WHAT YOU ARE ASKED TO DO:
Without pictures, repeat the lines of the entries from the one containing "Ethicon - From: Y907G" through the last, both ends included, and nothing else.
SUPPLIED DATA: Begin
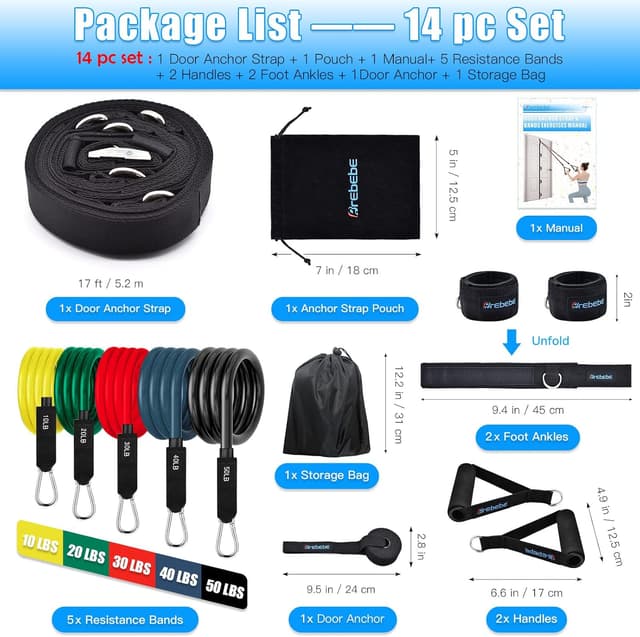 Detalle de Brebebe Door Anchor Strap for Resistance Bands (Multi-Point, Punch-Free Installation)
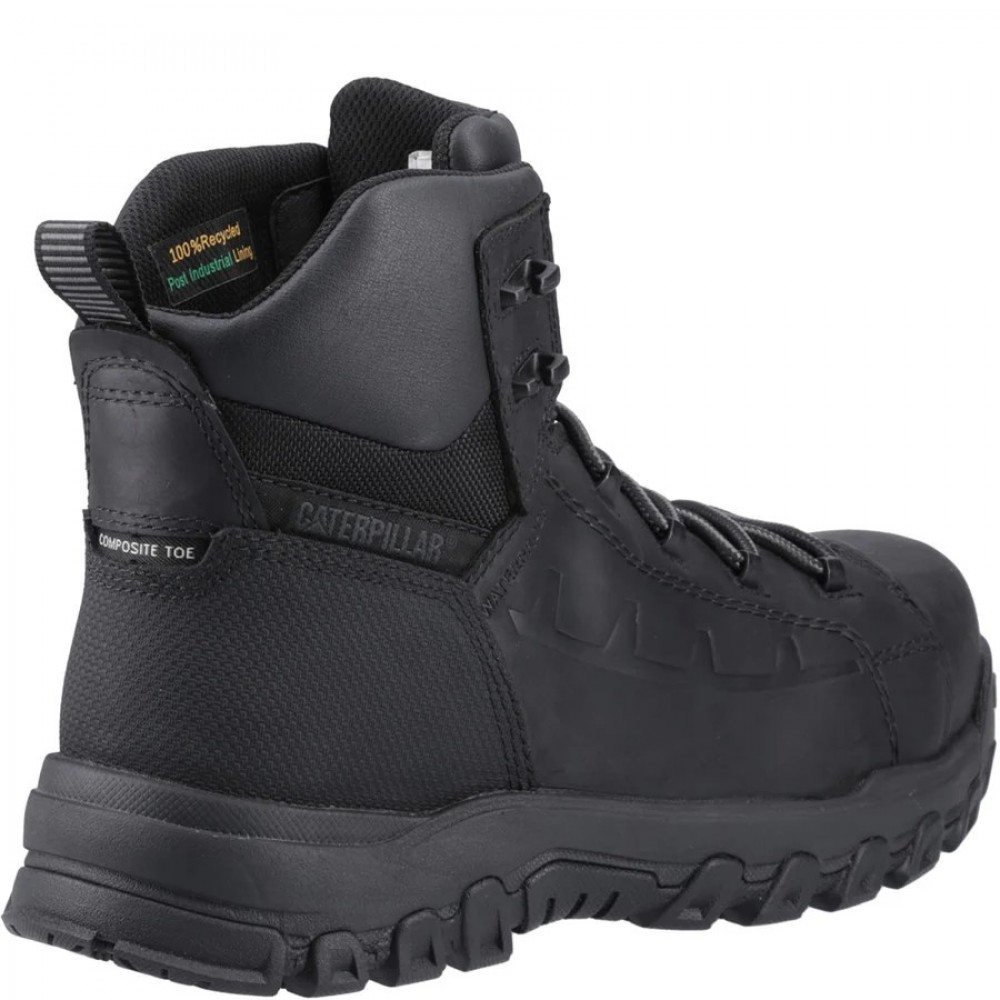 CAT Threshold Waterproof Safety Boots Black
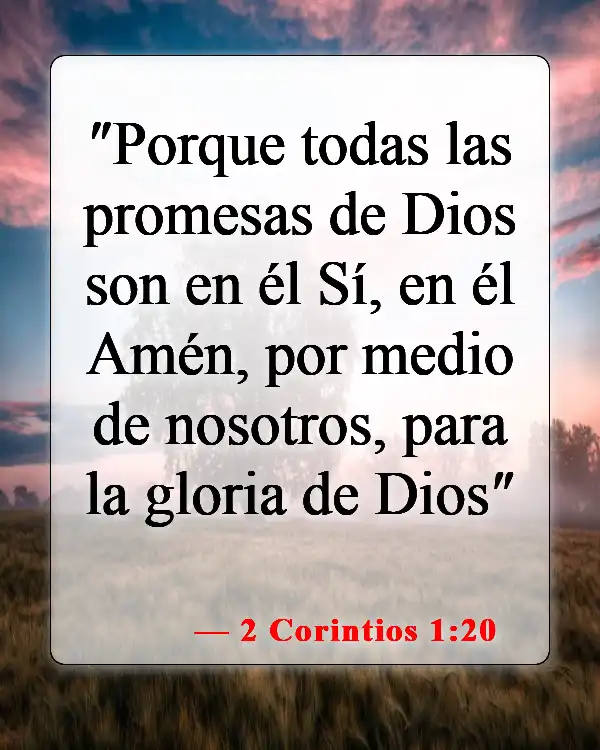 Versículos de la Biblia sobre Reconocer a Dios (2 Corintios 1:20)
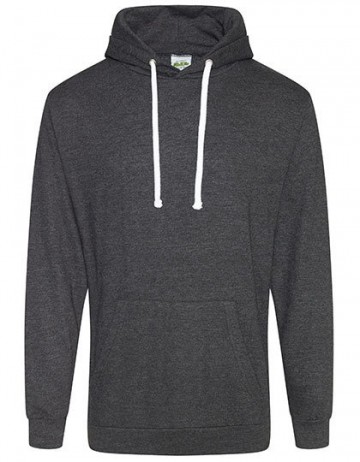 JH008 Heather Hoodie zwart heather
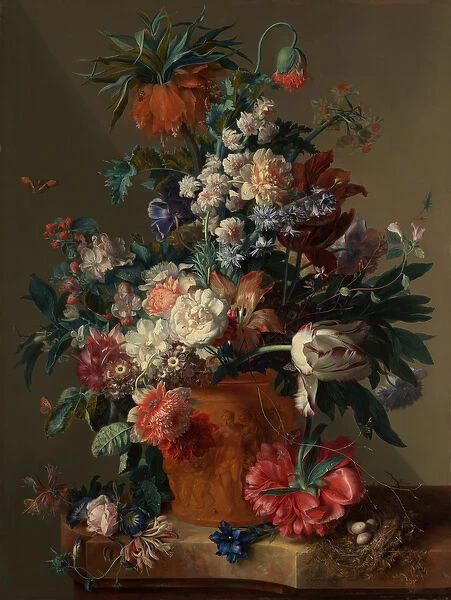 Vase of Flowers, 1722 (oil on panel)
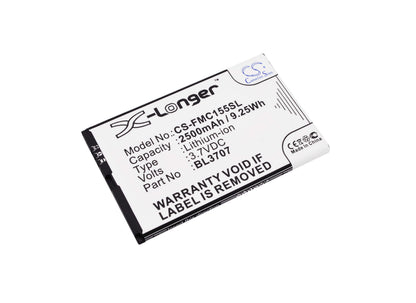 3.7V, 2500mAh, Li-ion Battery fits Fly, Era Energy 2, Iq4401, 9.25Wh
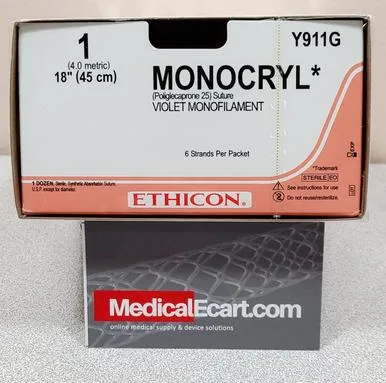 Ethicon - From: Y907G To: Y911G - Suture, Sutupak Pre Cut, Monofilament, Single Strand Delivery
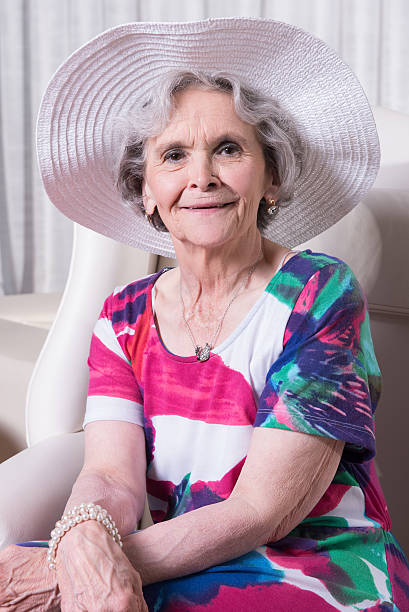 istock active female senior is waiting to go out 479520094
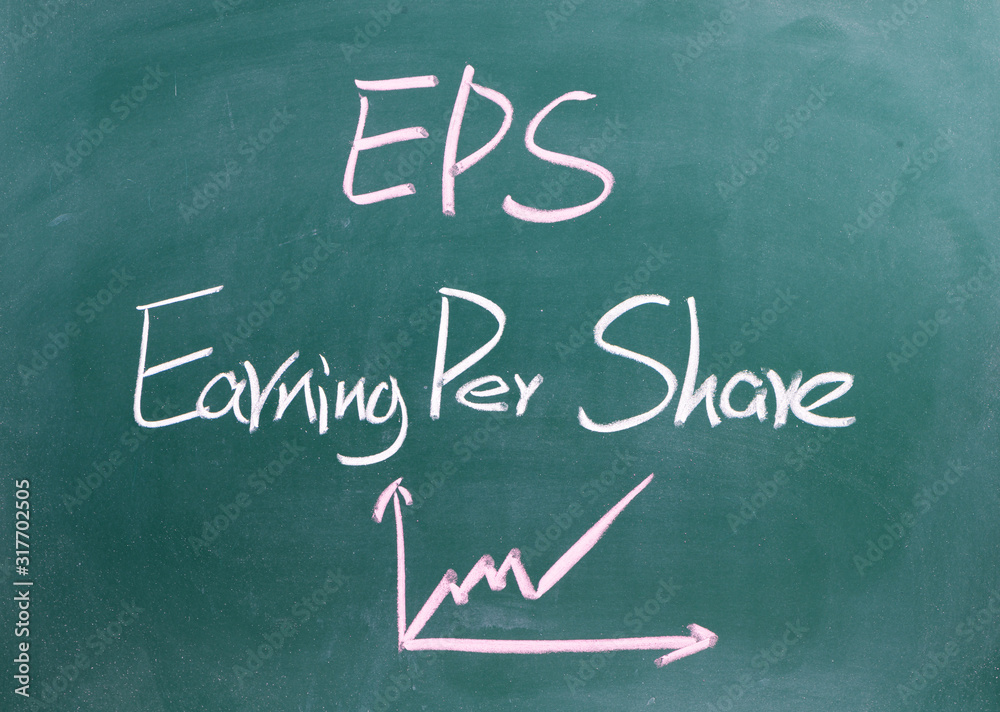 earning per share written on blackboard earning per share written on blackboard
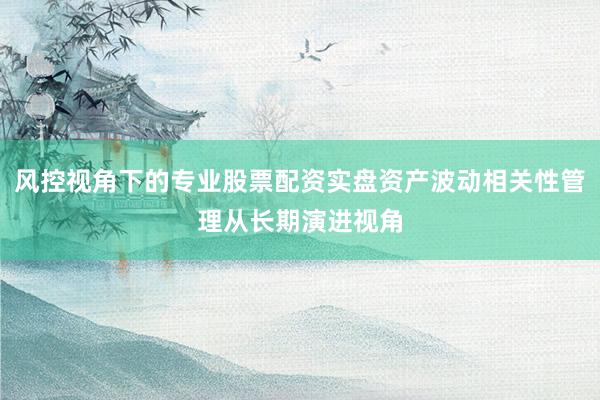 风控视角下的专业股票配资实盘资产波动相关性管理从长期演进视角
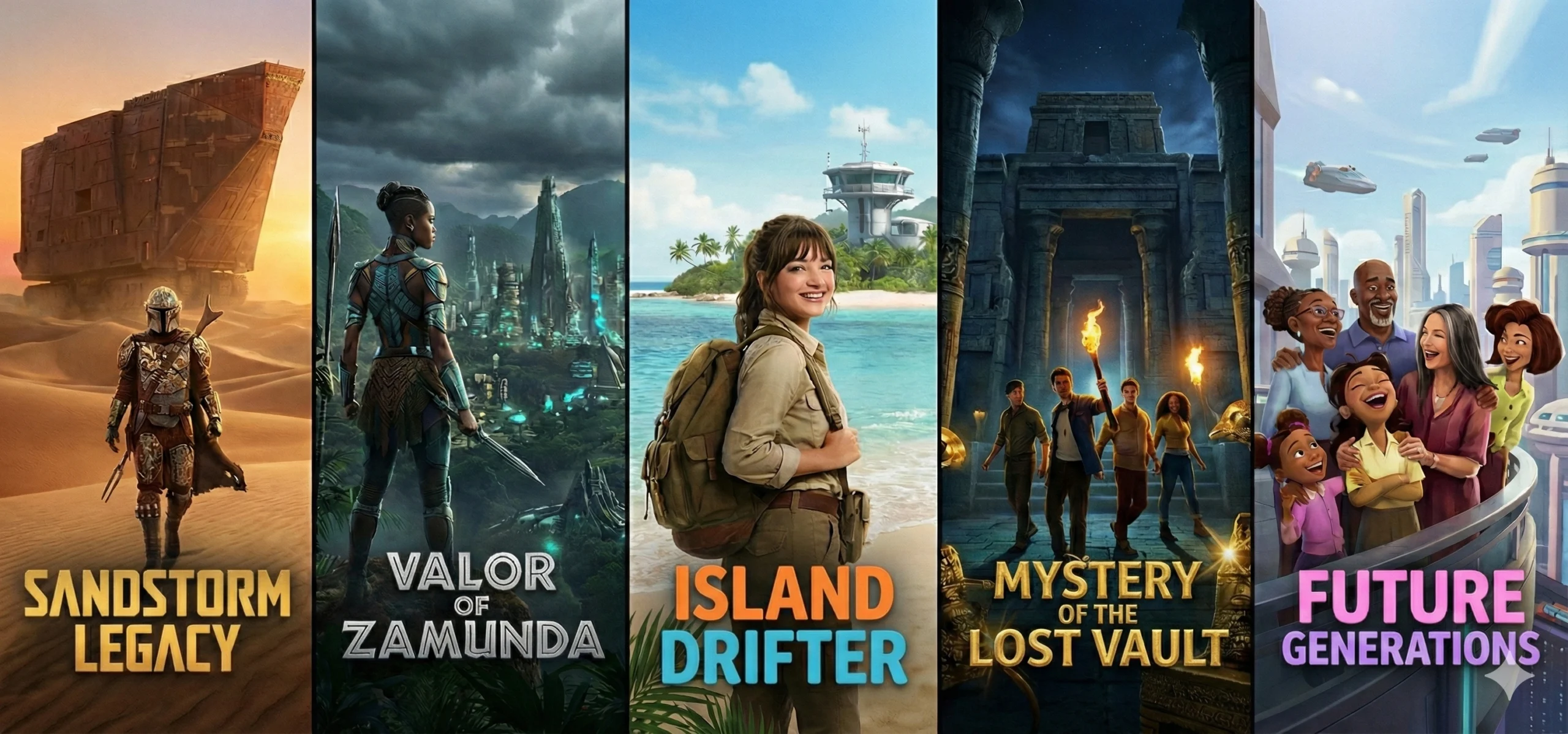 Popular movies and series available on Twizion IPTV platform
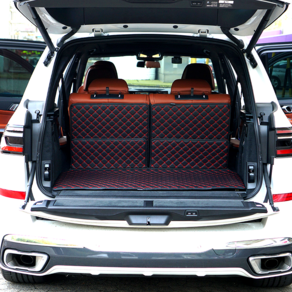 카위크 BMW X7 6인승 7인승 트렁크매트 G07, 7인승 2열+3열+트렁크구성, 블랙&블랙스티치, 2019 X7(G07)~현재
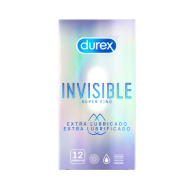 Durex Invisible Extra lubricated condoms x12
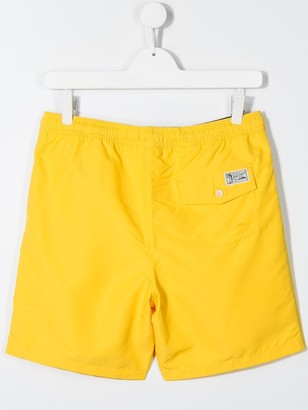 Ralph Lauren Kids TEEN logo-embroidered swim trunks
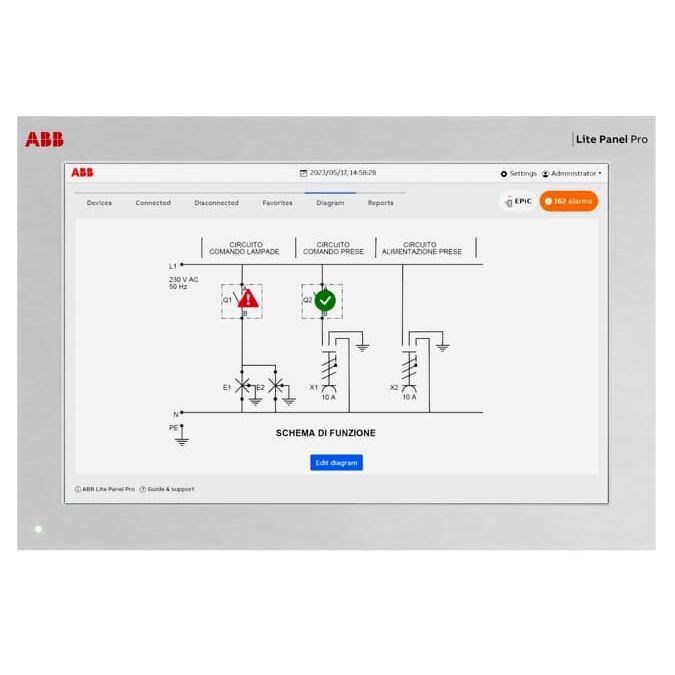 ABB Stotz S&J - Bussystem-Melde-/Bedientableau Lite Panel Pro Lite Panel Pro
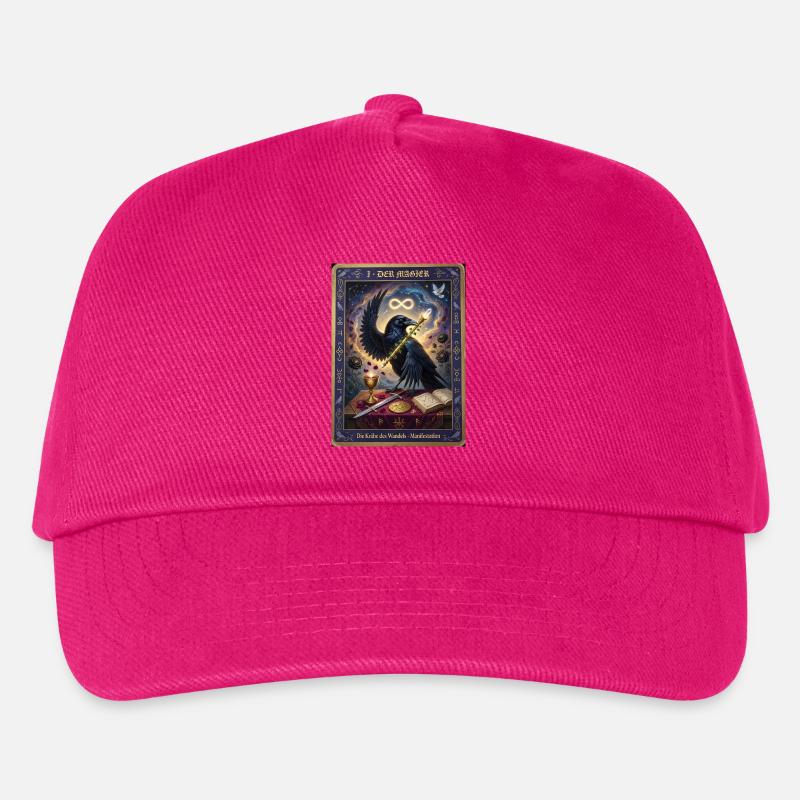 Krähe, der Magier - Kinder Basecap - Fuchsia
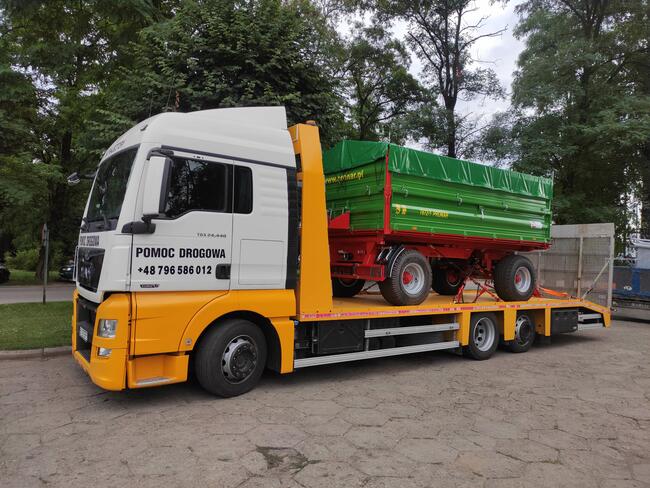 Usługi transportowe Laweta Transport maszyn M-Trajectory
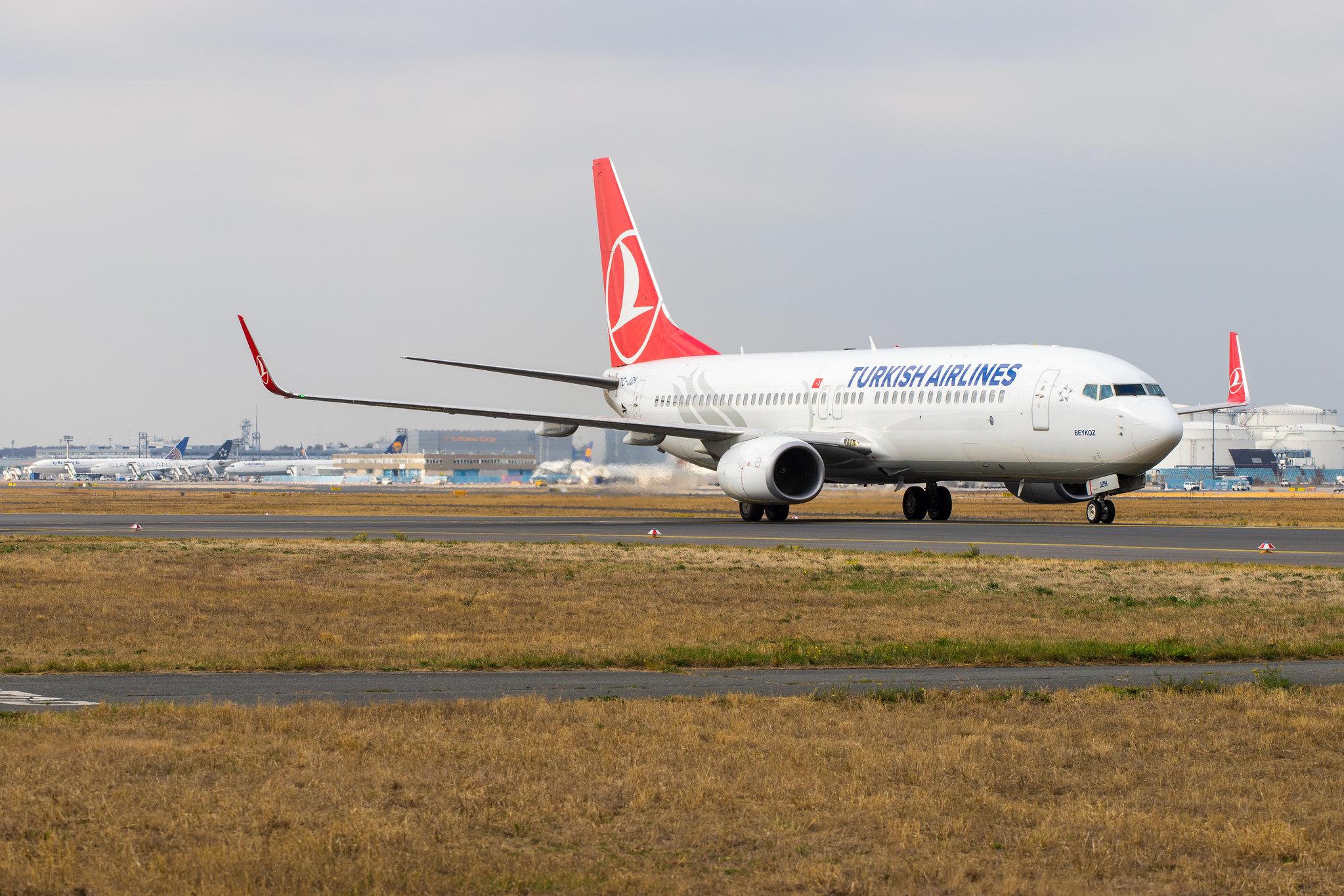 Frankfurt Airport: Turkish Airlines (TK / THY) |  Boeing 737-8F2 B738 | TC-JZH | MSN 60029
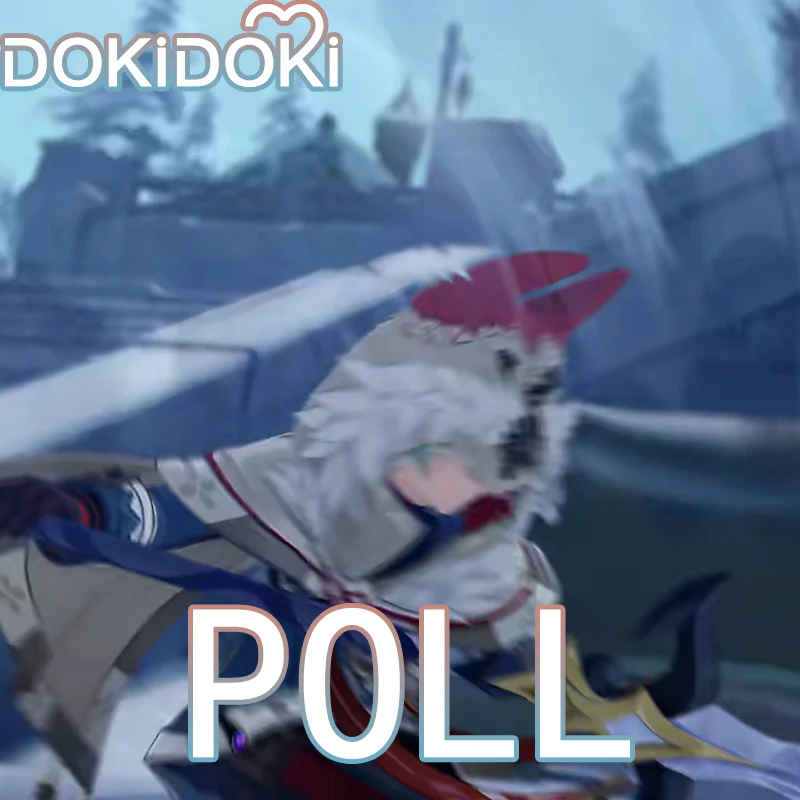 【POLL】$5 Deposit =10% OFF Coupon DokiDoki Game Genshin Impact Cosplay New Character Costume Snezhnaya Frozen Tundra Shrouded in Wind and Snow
SUPPLIED DATA: End
EXERCISE RESULT:
 Ethicon - From: Y907G To: Y911G - Suture, Sutupak Pre Cut, Monofilament, Single Strand Delivery
 istock active female senior is waiting to go out 479520094
 earning per share written on blackboard earning per share written on blackboard
 风控视角下的专业股票配资实盘资产波动相关性管理从长期演进视角
 Popular movies and series available on Twizion IPTV platform
 카위크 BMW X7 6인승 7인승 트렁크매트 G07, 7인승 2열+3열+트렁크구성, 블랙&블랙스티치, 2019 X7(G07)~현재
 Durex Invisible Extra lubricated condoms x12
 Ralph Lauren Kids TEEN logo-embroidered swim trunks
 ABB Stotz S&J - Bussystem-Melde-/Bedientableau Lite Panel Pro Lite Panel Pro
 Krähe, der Magier - Kinder Basecap - Fuchsia
 Usługi transportowe Laweta Transport maszyn M-Trajectory
 Frankfurt Airport: Turkish Airlines (TK / THY) |  Boeing 737-8F2 B738 | TC-JZH | MSN 60029
 【POLL】$5 Deposit =10% OFF Coupon DokiDoki Game Genshin Impact Cosplay New Character Costume Snezhnaya Frozen Tundra Shrouded in Wind and Snow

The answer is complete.